LV did not need to build a platform simply for the sake of owning one, the managing director of protection, savings and retirement has said.
Clive Bolton, who said he grew Aviva’s adviser platform from less than a billion to around £20bn, told FTAdviser that the £100mn LV said it needed for ‘IT investment’ two years ago was based on the assumption LV would launch its own platform.
He said it had been a consideration as part of an overall tech upgrade at the mutual. For example, he said that, when he joined LV in 2019, customers could not even look at their investments online - they had to phone in.
“LV was significantly behind the pace there, even though the franchise was very strong,” Bolton explained.
Upon coming in, it was Bolton’s job to begin the “recovery process” following a major demerger with its general insurance business, which it sold between 2017 and 2019.
Called ‘fix, grow, transform’, the turnaround project saw Bolton take stock of the mutual’s then-IT infrastructure.
“When I joined, the organisation was looking to become a platform provider,” said Bolton. Having built a platform practically from scratch, he knew the time and money building one at LV would take.
“I know that well. It requires an awful lot of money to do that.” The mutual was also mulling the option to buy a platform at the time, though this would also have been costly. Last year, James Hay paid £145m - more than LV’s entire IT budget - for Nucleus.
But when Bolton took a closer look, he wasn’t convinced this was the route LV needed to go, considering the platform market was already “well-served”.

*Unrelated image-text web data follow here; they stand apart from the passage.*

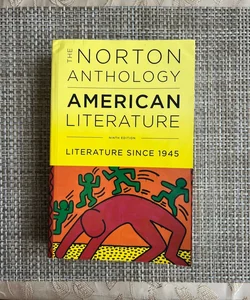 The Norton Anthology of American Literature 9e Volume E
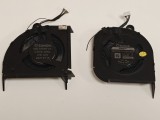 Set coolere Laptop, Lenovo, ThinkPad T15g Gen 2 Type 20YS, 20YT, 5H41B77200, 5H41B77203, MG75091V1-C010-S9A, MG75091V1-C030-S9A, 12V, 0.8A, 9.60W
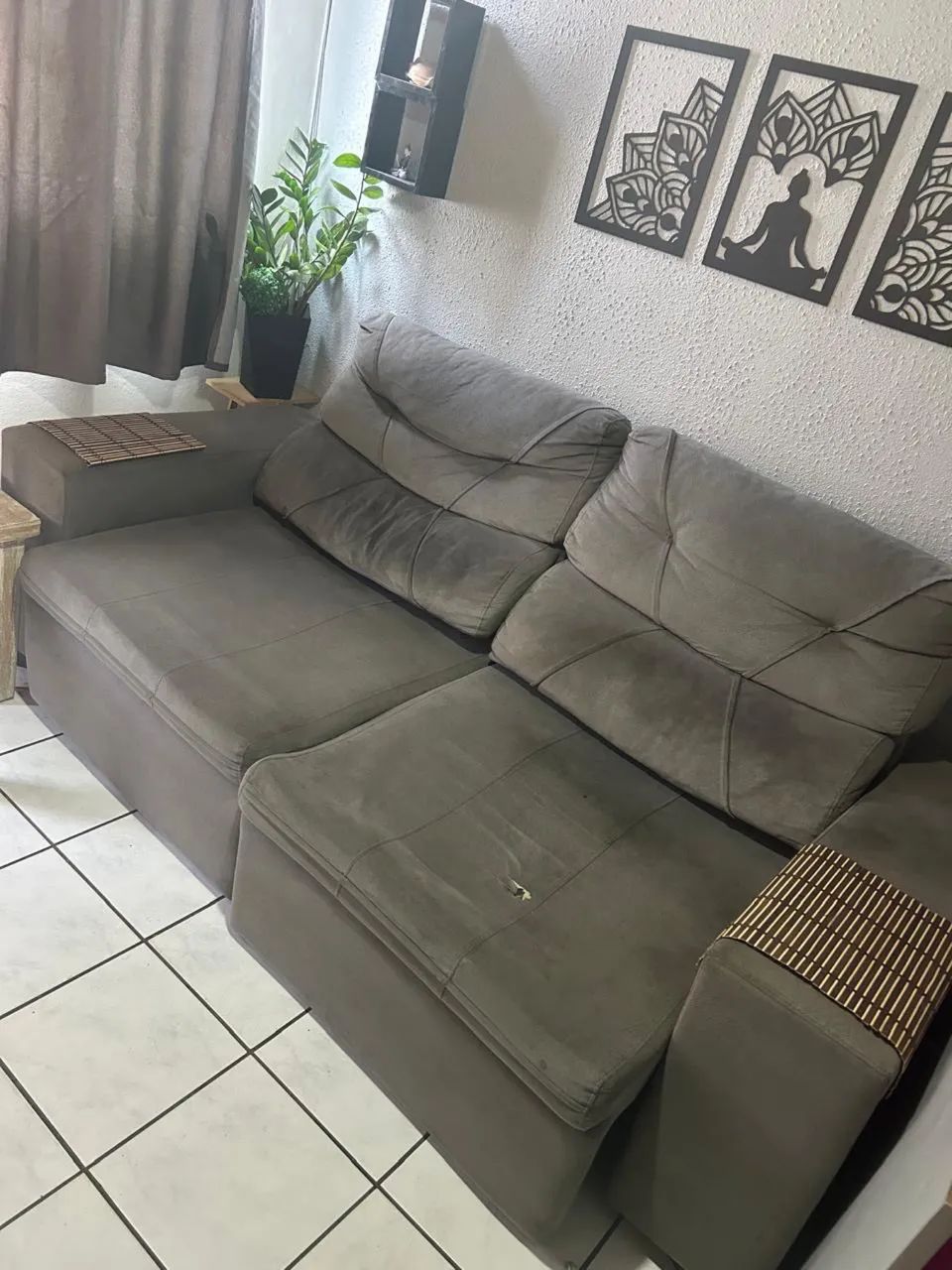 Sofá desapego - Foto 3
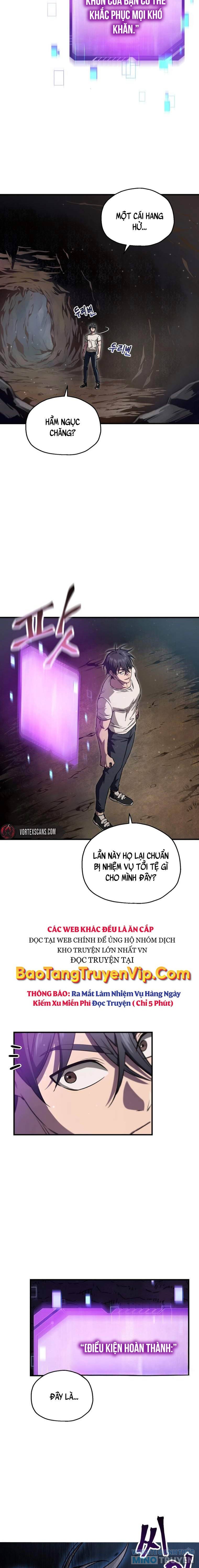 Chỉ Mình Ta Hồi Sinh - Page 8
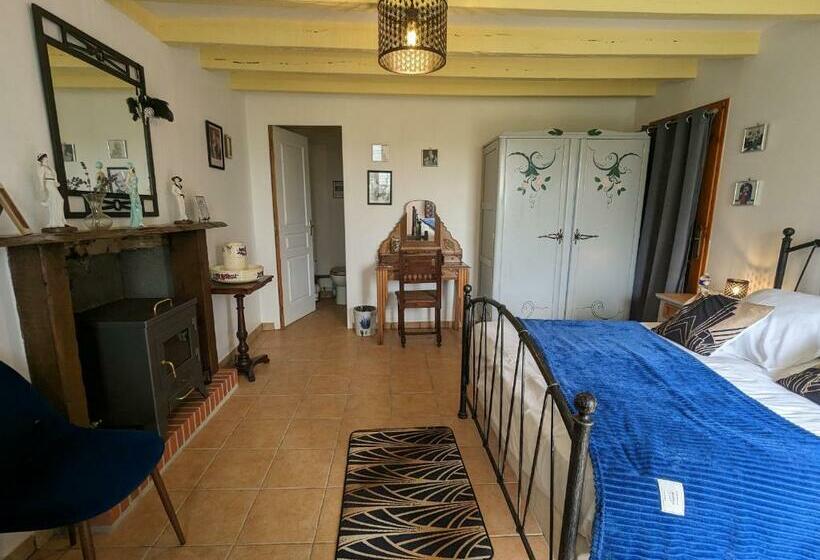 标准间, Guestroom Bouges Le Château, 1 Pièce, 2 Personnes   Fr 1 591 518
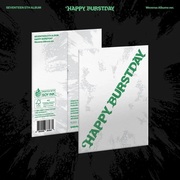 Seventeen:  Happy Burstday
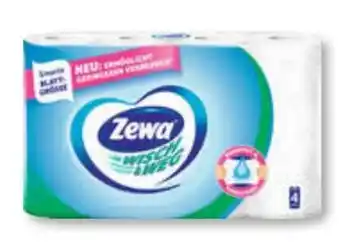 Unimarkt Zewa Wisch-Weg Küchenrolle Angebot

“We didn't need a platform,” said Bolton. “What we needed to do was distribute our funds in a platform environment to enable advisers to buy them. We didn’t want a platform for the sake of owning it.”
Last week, LV announced its partnership with Embark. It will see advisers and their clients who use LV gain access to Embark’s retirement-focused platform via an LV-branded service.
Crucial to this partnership is LV’s Smoothed Managed Funds range, which Bolton suggested were - and will continue to be - key to LV’s turnaround.
Without going into the commercials of the deal, Bolton said the Embark deal doesn’t require as much upfront investment from the mutual and allows it to be more targeted with its spend.
Now three years into its transformation programme, LV is starting to reap the rewards of its fund-focused strategy.
Between 2017 and 2020, LV’s with-profit membership base had dropped by more than 40 per cent. These members have access to LV’s fund surplus via a mutual bonus, whereas non-profit members - e.g. protection customers - have voting rights but no access to LV’s profits.